Task to carry out: Check each line of the entries for the string "with". Report only how many lines have it.

Crawled caption data:
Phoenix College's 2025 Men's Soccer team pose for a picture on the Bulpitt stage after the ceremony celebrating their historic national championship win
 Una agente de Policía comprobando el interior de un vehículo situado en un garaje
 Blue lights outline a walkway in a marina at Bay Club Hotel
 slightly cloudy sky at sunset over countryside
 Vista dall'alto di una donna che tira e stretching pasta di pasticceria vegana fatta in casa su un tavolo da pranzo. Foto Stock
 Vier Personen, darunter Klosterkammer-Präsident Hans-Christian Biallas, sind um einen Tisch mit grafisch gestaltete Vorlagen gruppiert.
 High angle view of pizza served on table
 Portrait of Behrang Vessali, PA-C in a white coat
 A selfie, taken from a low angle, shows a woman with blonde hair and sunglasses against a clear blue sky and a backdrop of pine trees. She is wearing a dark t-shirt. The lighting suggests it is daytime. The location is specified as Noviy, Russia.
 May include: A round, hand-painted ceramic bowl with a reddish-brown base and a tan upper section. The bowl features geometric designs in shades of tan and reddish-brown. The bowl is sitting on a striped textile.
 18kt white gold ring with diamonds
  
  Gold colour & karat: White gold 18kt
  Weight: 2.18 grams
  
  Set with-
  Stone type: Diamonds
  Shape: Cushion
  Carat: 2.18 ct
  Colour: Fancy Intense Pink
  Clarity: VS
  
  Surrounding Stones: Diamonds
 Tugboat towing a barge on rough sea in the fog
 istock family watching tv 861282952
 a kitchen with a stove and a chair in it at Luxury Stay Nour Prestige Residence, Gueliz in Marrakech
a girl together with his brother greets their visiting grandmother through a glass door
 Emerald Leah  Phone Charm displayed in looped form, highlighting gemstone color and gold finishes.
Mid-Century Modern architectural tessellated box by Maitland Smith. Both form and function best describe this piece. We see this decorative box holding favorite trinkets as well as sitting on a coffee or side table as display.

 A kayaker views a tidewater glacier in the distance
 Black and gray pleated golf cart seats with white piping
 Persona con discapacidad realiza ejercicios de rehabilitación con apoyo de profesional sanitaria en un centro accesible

Answer box: 7